We saw it in Seattle and Toronto during G8/G20 protests and we’ve seen it in places like Greece, France and other European capitals during protests over everything from gay marriage to austerity.
Not surprising, we’re also seeing it in government.
Here’s an example of democratic debate in last year’s Ukrainian Parliament. Any resemblance to the disagreement in the Tweed hockey arena is probably coincidental.
Even here in the natural home of poutine and Beavertails, Conservative Government House LeaderPeter Van Loan took a determined stroll across the aisle in Parliament to threaten NDP Member Nathan Cullen. This prompted Dandy Thomas Mulcair to jump into the fray to defend his colleague and you can see how easily these things escalate. While I don’t condone violence, a twisted part of me thinks I almost be willing to pay money to watch a bunch of out of shape politicians slapping each other while trying not to wrinkle their suits.
I said almost. I don’t think violence solves anything although a small dark part of me still thinks it would have been a more interesting and perhaps even more effective method for the Liberals to have used in selecting a new leader than the drone-fest farce they tried to sell as a leadership race.
I find it somewhat strange that so many talk about violence in sport rather than the violence around it and find it ironic that so many people use violence to exercise their right to peaceful protest.
I don’t believe that acting like bull moose in rutting season fighting over the cutest 2,000 lb cow in the forest, is the best way to register our disagreements or disappointment but it appears that kicking ass is becoming the new national sport.
It’s one thing to get into the spirit of the game; but this is becoming ridiculous to the point of being absurd.
Most of the people involved in these violent eruptions are ordinary villagers just like us and our neighbours. They’re just every day people, for the most part, not gangs of roving marauders who just rode into town. No matter how much we may try to deny it, they’re middle class folks who have lost their minds over something that really isn’t all that important.
I think it’s an indication that we’re losing our tenuous grip on civility and perhaps even reality – especially when we’re prepared to punch someone out, vandalize property, burn cars and even kill people over a game or a political debate.

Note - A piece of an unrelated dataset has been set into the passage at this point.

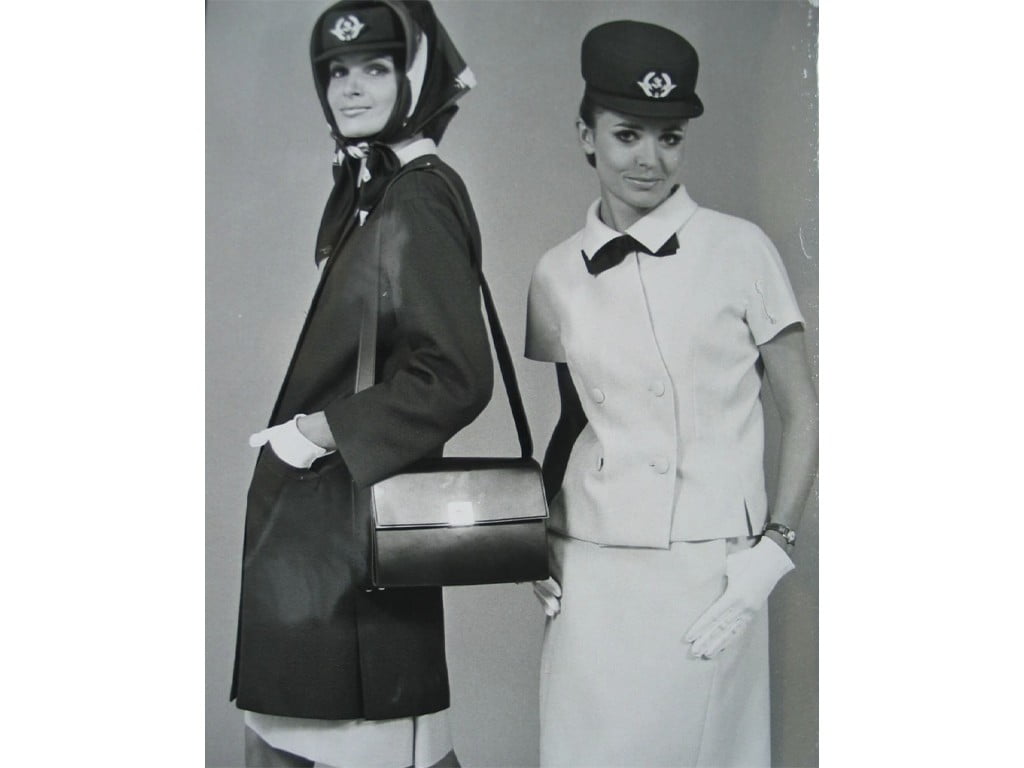 A marca criou uniformes para comissários de bordo da Air France em 1968. Clique na imagem e confira mais criações da Balenciaga! (Foto: Reprodução/Instagram @cristobalbalenciagamuseoa)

I can’t personally think of too much that would drive me to violence other than defending Maggie and my family although sometimes some really stupid people come close to turning me homicidal. But what would that accomplish in the end other than a fleeting moment of intense satisfaction?
It would prove and resolve nothing, just as all these riots and angst-filled outbursts of adolescent anger have accomplished nothing for anyone. At some point, my friends, we are going to have to decide whether we want to be a civilized people or just pretend we are while secretly harbouring dark desires of storming across the land burning and pillaging every time something happens that we don’t like.